Lustige und kuriose, aber auch teure und vermeidbare Fehler und Mängel
Fehler und Mängel sind ärgerlich und verursachen vermeidbare Kosten. Manchmal kann man aber trotzdem darüber lachen. Prof. Dr. Ing. Marc Göbelsmann betrachtet in seinem letzten Beitrag das Thema Bauschäden mit einem Augenzwinkern.
Zusammenfassung
Planen und Bauen ist eine ernste Sache: es geht um die Sicherheit und Behaglichkeit der Nutzer und nicht zuletzt auch um viel Geld. Trotzdem ist Lachen über Fehler und Mängel natürlich erlaubt. Nicht über die Verursacher – Fehler machen wir schließlich alle. Sondern über das Kuriose und Skurrile, was sich infolge Fehlern manchmal darstellt. Und man kann daraus auch manche Erkenntnis gewinnen.
Sachverhalt
Bei der Planung und Ausführung eines Bauprojekts ergänzen sich die individuellen und ganz verschiedenen Fähigkeiten von Objektplanern und Fachplanern sowie diverser Gewerke zu einem funktionierenden Bauwerk. Dabei ist jeder Beteiligte gefordert – vom Bauherrn, der das Projekt anstößt, bis zum Gebäudereiniger, der vor der Abnahme häufig den Abschluss einer Vielzahl unterschiedlichster Gewerke bildet.
Dass Fehler passieren, ist gerade im Baubereich unvermeidbar. Bauwerke sind eben meist Unikate, die noch dazu unter freiem Himmel hergestellt werden. Planung und Ausführung erfolgen durch immer wieder neu zusammengestellte Planungsteams und ausführende Firmen. Die Situation ist also eine ganz andere als z. B. in der Industrie, wo Produkte unter günstigen Randbedingungen durch eingespielte und aufeinander abgestimmte Teams entworfen und in Serie hergestellt werden.
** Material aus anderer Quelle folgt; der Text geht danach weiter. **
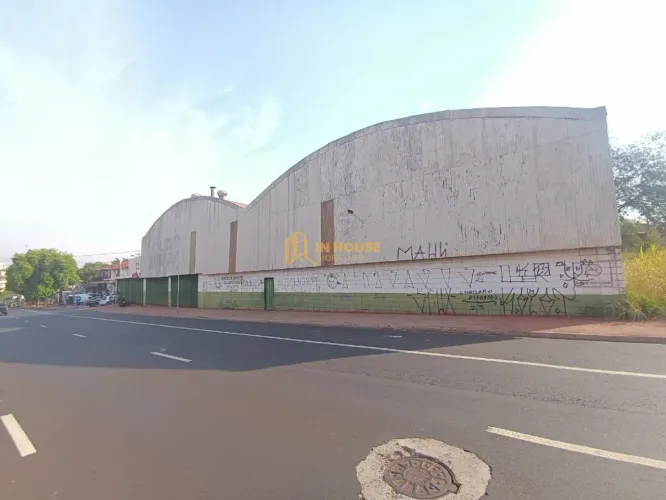Barracão para Alugar em Ribeirão Preto - Oportunidade Única!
Der Schaden, der durch Fehler entsteht, kann jedoch in vielen Fällen begrenzt werden. Dazu ist es oft „nur“ erforderlich, miteinander zu reden. Insoweit ist dieser Beitrag (auch) ein Plädoyer für ein stärkeres büro- und firmenübergreifendes Miteinander und einen fairen Umgang. Zunächst ist aber jeder Einzelne gefordert, eine gute Leistung zu liefern und „100 % zu geben“. Die folgenden Beispiele sind teils lustig und kurios, regen aber auch zum Nachdenken an. Sie stammen von der Baustelle – mithin der Ausführung. In der Planungsphase gibt es durchaus vergleichbare Situationen; dort kann man davon nur nicht so schöne Fotos machen…
Innentür
Innentür: passt! Bänder: sind justiert! Drücker: funktioniert! Schloss: passt irgendwie nicht! Macht nichts! Fällt bestimmt nicht auf! Oder was hat sich der Ausführende hier (Abb. 01) gedacht? Dass dieser Mangel früher oder später auffallen muss, dürfte wohl jedem klar sein. Wenn er dann erst bei der Abnahme auffällt, ist das ärgerlich. Die Firma ist längst auf einer anderen Baustelle tätig.
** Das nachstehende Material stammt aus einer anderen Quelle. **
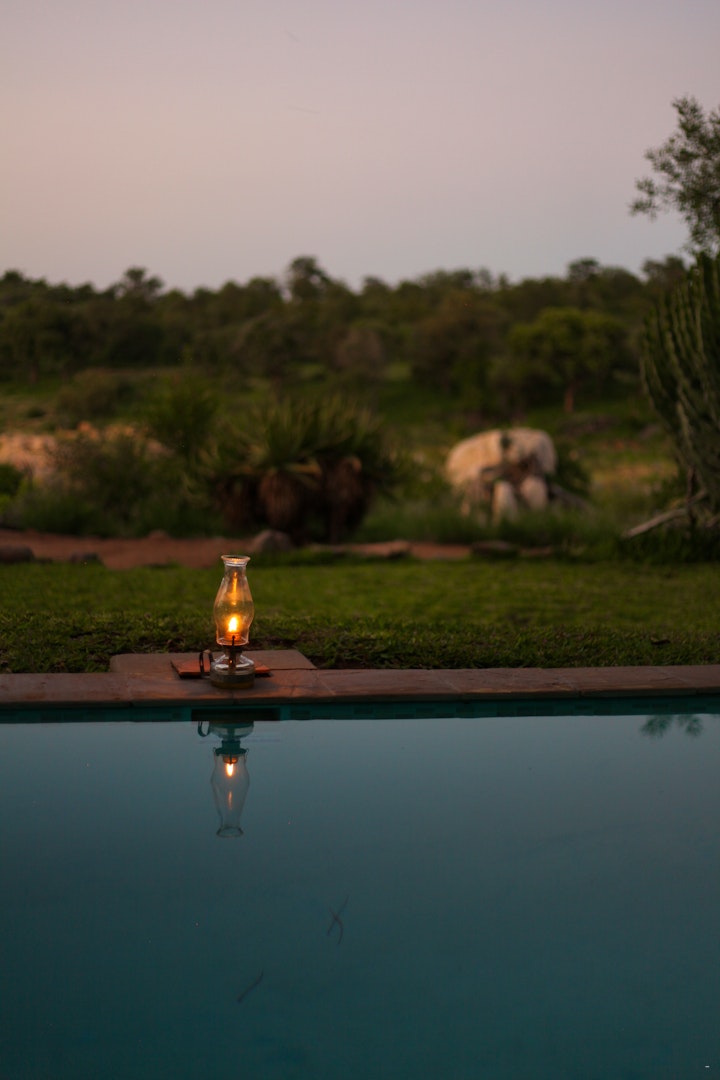 Mpumalanga Accommodation at Ivory Wilderness River Rock Lodge | Viya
Warum wurde hier also nicht gleich ein korrektes Schloss eingebaut? Vielleicht wurde es nur vergessen, das falsch bestellte oder gelieferte Schloss noch zu tauschen – womit wir bei den unvermeidbaren Fehlern wären. Oder hier hat tatsächlich jemand nicht „100 % gegeben“.
Trockenbau
Das Material liegt bereit. Im Treppenhaus muss noch die Unterdecke in Trockenbauweise hergestellt werden. Dummerweise hängt genau an dieser Stelle noch die Baubeleuchtung. Und der Elektriker ist gerade nicht greifbar. Zum Glück ist der planmäßige Abstand der Unterdecke zur Massivdecke ausreichend groß. Also kann man die Unterdecke schon mal um die Baubeleuchtung herum bauen (Abb. 02). Und für das Elektrokabel lässt man halt eine kleine Öffnung in der Unterdecke. Was aus der Baubeleuchtung wird? Da kümmert sich dann schon der Elektriker drum! Ist ja ohnehin dessen Gewerk. Der macht das dann schon – irgendwie.
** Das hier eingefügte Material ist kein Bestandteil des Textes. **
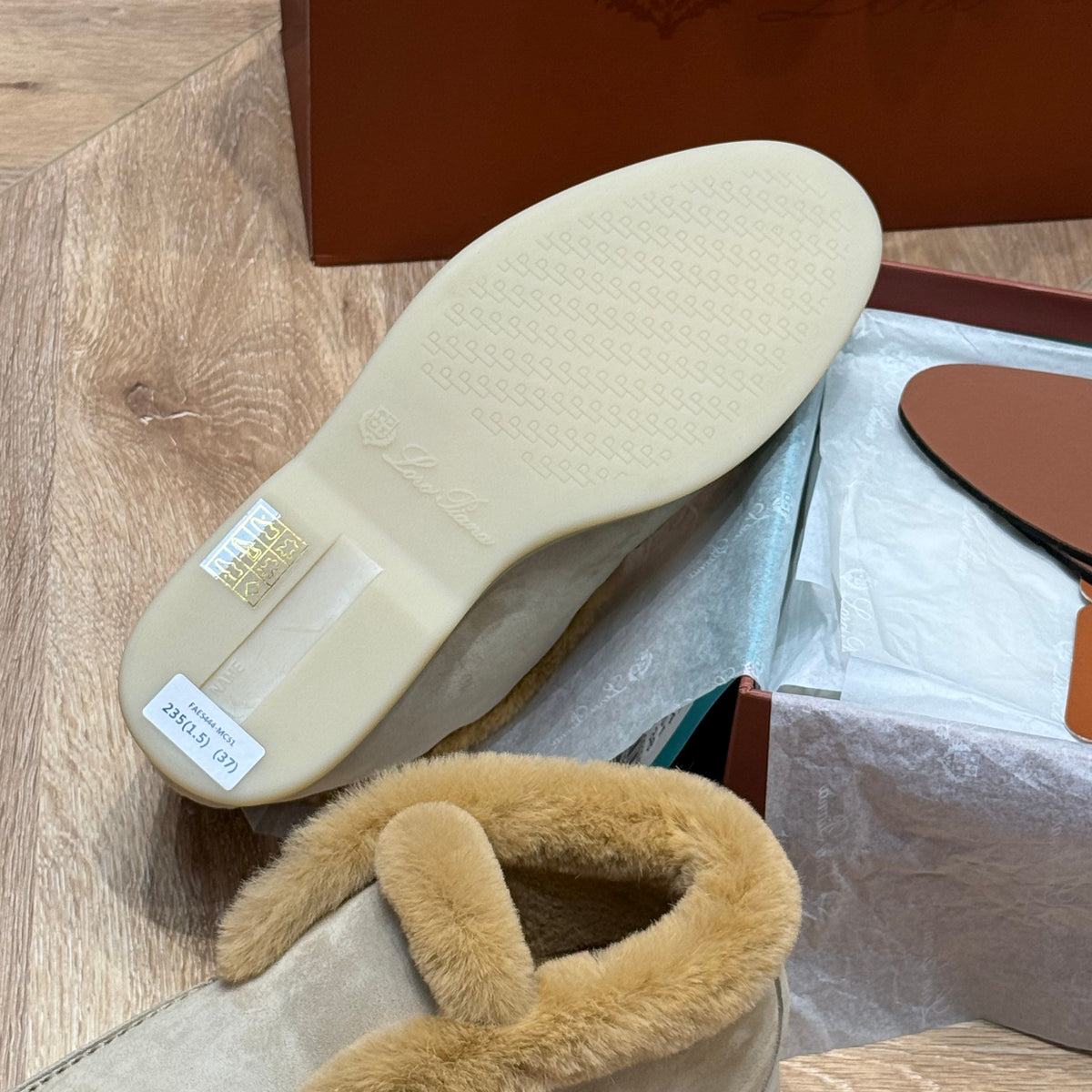 LORO P OPEN WALK BOOTS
Hier gibt es wohl nichts zu diskutieren. Da hat tatsächlich jemand nicht nachgedacht. Man darf hoffen, dass der Betreffende „seine“ Unterdecke selbst wieder demontieren durfte. Und man darf den Firmeninhaber bedauern, der dies letztlich bezahlt.
Parkett
Parketthölzer müssen bei Anlieferung und Verlegung definierte zulässige Feuchtegehalte aufweisen. Daher ist es zweckmäßig, die Parketthölzer auf der Baustelle gleich an ihren Bestimmungsort zu bringen – mithin auf die betreffenden Räume zu verteilen. Sonst läuft man Gefahr, dass sich der Feuchtegehalt der Parketthölzer kurzfristig stark erhöht (Abb. 03).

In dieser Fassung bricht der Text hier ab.